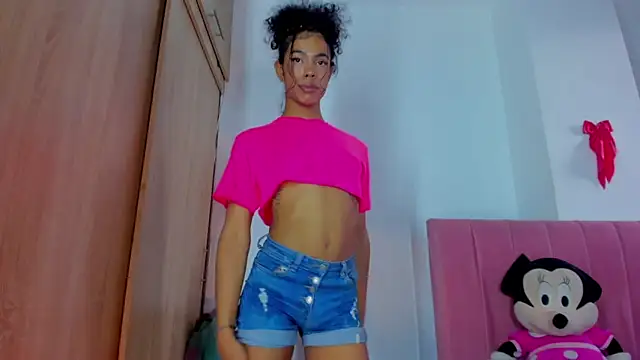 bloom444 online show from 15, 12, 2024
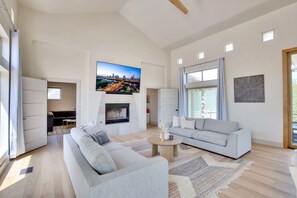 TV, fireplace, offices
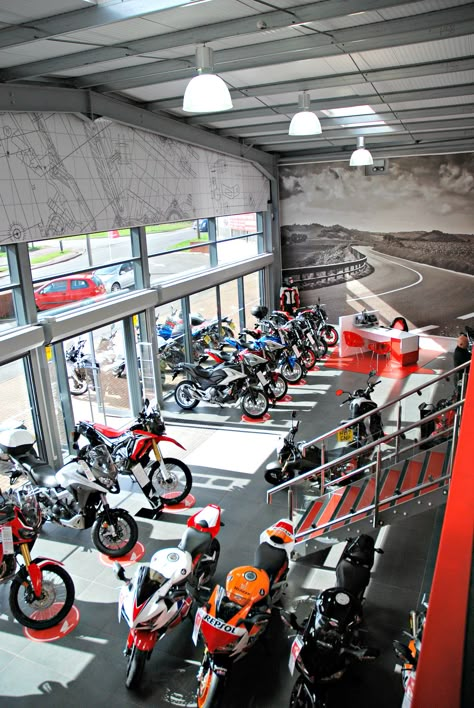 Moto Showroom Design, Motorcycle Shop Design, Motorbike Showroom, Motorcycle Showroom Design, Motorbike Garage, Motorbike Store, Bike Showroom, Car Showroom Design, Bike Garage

****

:: What needs to be done ::
An exact reproduction of the data is needed, with no pictures included.

:: Task solution ::
 bloom444 online show from 15, 12, 2024
 TV, fireplace, offices
 Moto Showroom Design, Motorcycle Shop Design, Motorbike Showroom, Motorcycle Showroom Design, Motorbike Garage, Motorbike Store, Bike Showroom, Car Showroom Design, Bike Garage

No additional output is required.